Cada vez que se equivocaba, hacía trampa o directamente robaba, soltaba un pretexto tan risible que merecía premio. Si se comía el almuerzo de otra persona de la oficina, aseguraba que un duende vegano se lo había pedido “por la paz del universo”. Si llegaba tarde, decía que la habían secuestrado unos mimos itinerantes. Cuando la cacharon copiando en un examen, explico al maestro que “una entidad astral” le había dictado las respuestas por telepatía.
Y, por supuesto, creía que todos le compraban la historia.
La realidad, sin embargo, era más sencilla y más cruel: nadie le creía nada.
Pero nadie la confrontaba, porque todos estaban demasiado ocupados, aburridos o divertidos para hacerlo. Al final, escuchar sus excusas ya era parte del entretenimiento semanal; una especie de espectáculo involuntario donde la entrada era gratuita y el guion cambiaba según la magnitud de su último desastre.

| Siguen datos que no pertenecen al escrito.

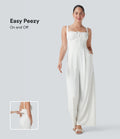 Square Neck Drawstring Jumpsuit with Pockets-Easy Peezy Edition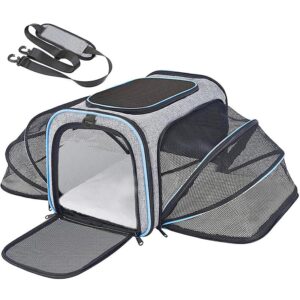 Cat Carriers & Bags Pet Airline Approved Expandable Foldable Soft Dog Carrier 5 Open Doors Reflective Tapes Cat Travel Bag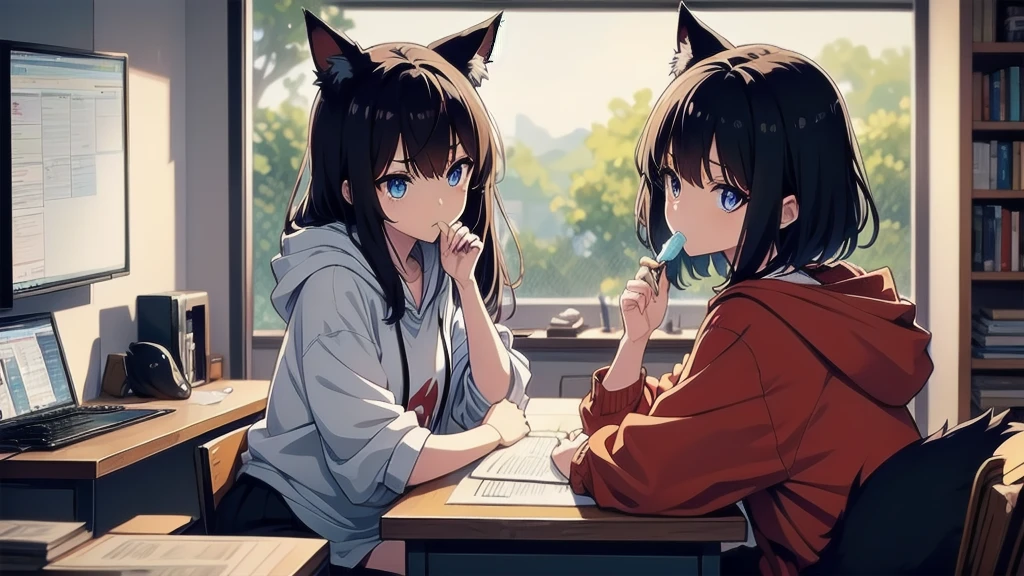 a hand-drawn anime-style illustration featuring two female characters. One character, sitting cross-legged on the floor, has short red hair, fierce red eye color, and wears a red hoodie while eating something. The other character lies on the floor with short black hair, shy blue eyes, and black fox ears. A black cat with blue eyes stands in the background observing. The room is messy with scattered papers, books, a green bottle, and a cup. A bulletin board filled with notes and drawings hangs on the wall, and a computer monitor is visible in the background.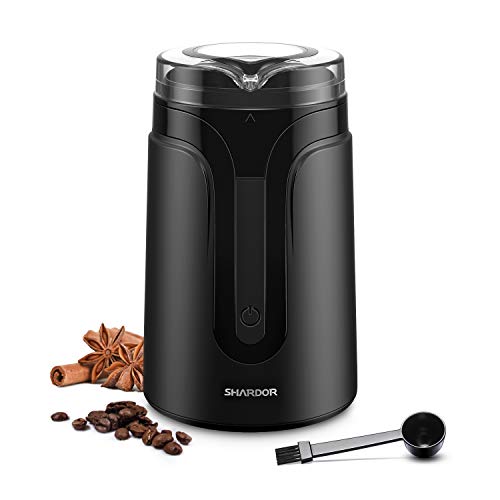 SHARDOR Electric Coffee Grinder Mill for 1-2 Person, Grinder for Spices, Herbs, Nuts, Grains,Black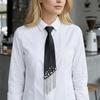 Preppy Pearl Tassel Tie Long Decorative Women Shirt Accessory Elegant Style for School Uniform Work Party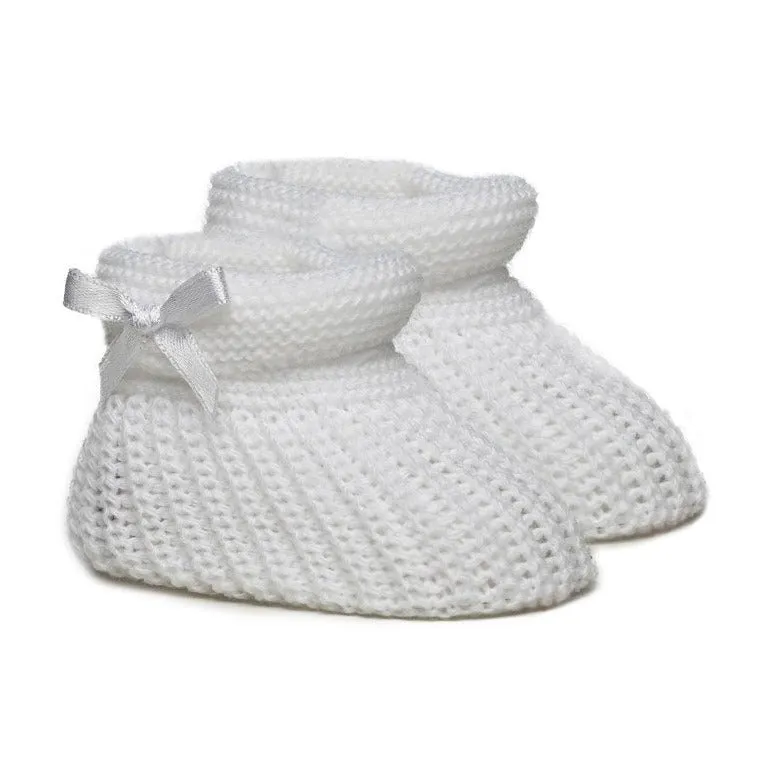 White Bow Knit Booties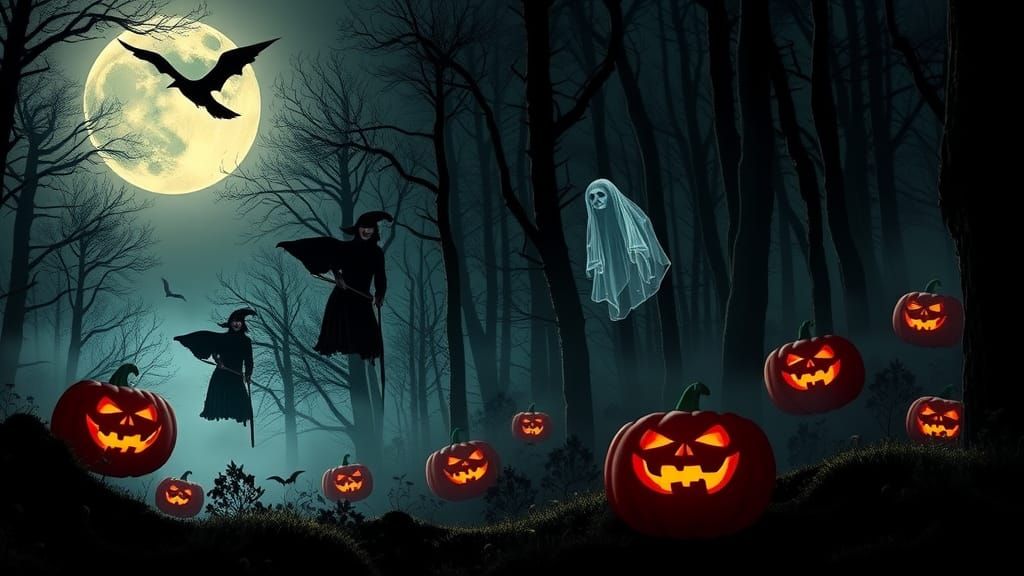 Eerie Halloween Night in Mystical Forest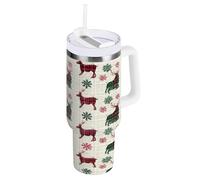 Cgiub Vaso de 40 onzas con popote y tapa, botella de agua de acero inoxidable aislada al vacío, taza de viaje con asa, taza de café helado a prueba de fugas, mantiene las bebidas calientes y frías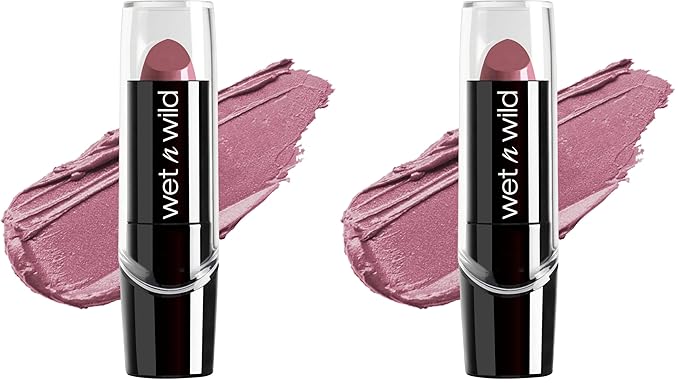 wet n wild Silk Finish Lipstick, Hydrating Rich Buildable Lip Color, Formulated with Vitamins A,E, & Macadamia for Ultimate Hydration, Cruelty-Free & Vegan - Secret Muse (Pack of 2)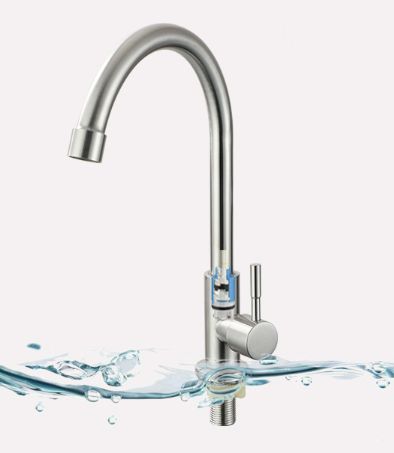 Stainless steel single-cooling large bend kitchen faucet, sink, water purifier, mixing valve, bathroom, kitchen and bathroom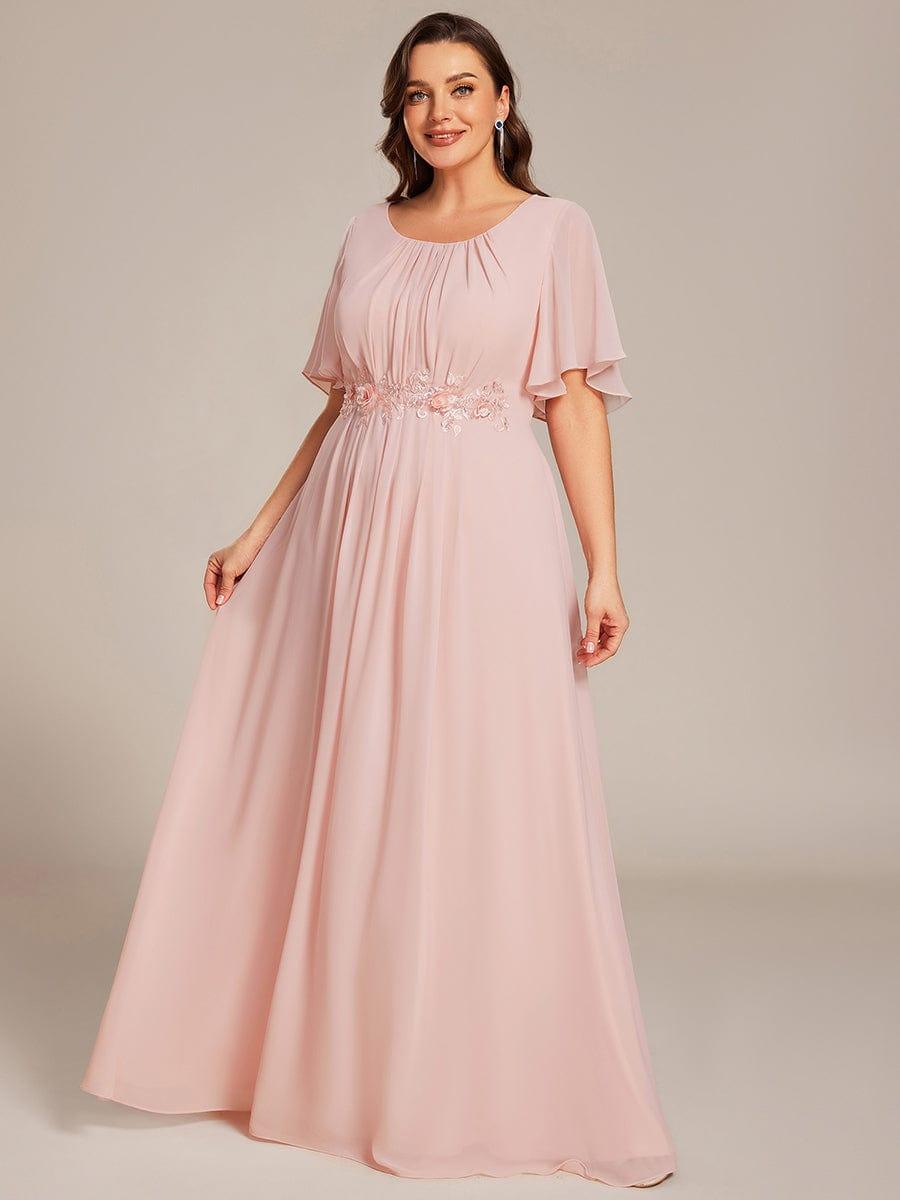 Flattering Plus Size Floor-Length A-Line Chiffon Formal Dress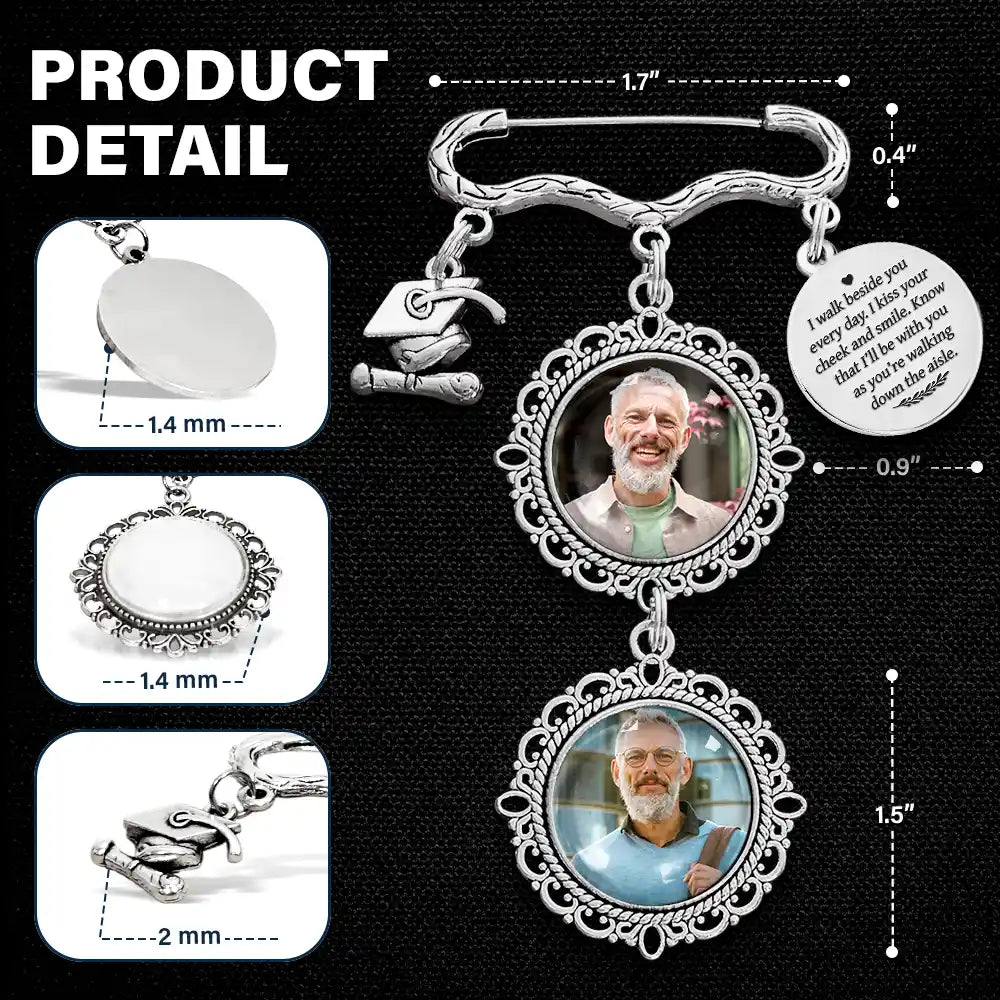 Graduation, Gift For Yourself, Custom Photo, Memorial, Sad - Custom Photo Walk Down The Aisle - Personalized Graduation Tassel Pin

Lo que la joven jamás notó fue que, en silencio, las puertas empezaron a cerrarse.
No la invitaban a proyectos, no la recomendaban para nada, no le confiaban tareas importantes y, cuando se acercaba demasiado, la gente cambiaba de conversación como quien esconde la cartera.
Ella, satisfecha, pensaba que era por respeto.
Los demás sabían que era por precaución.
Un día, la joven intentó conseguir un nuevo trabajo. Sentada frente al entrevistador, comenzó a explicar por qué la habían despedido de su empleo anterior:
Fue por un complot —dijo muy seria—. La fotocopiadora estaba poseída y me culparon a mí.
El entrevistador la miró en silencio durante unos segundos que parecieron años.
Luego cerro el folder con su currículum con una sonrisa triste, como quien pone la última pala de tierra en un hoyo recién cavado.
La joven salió convencida de que había impresionado al reclutador con su ingenio.
Los demás sabían que simplemente había terminado de enterrarse sola.
Moraleja:
Quien vive inventando historias para escapar de la verdad acaba atrapado en el único relato que no quería protagonizar: el de su propio fracaso.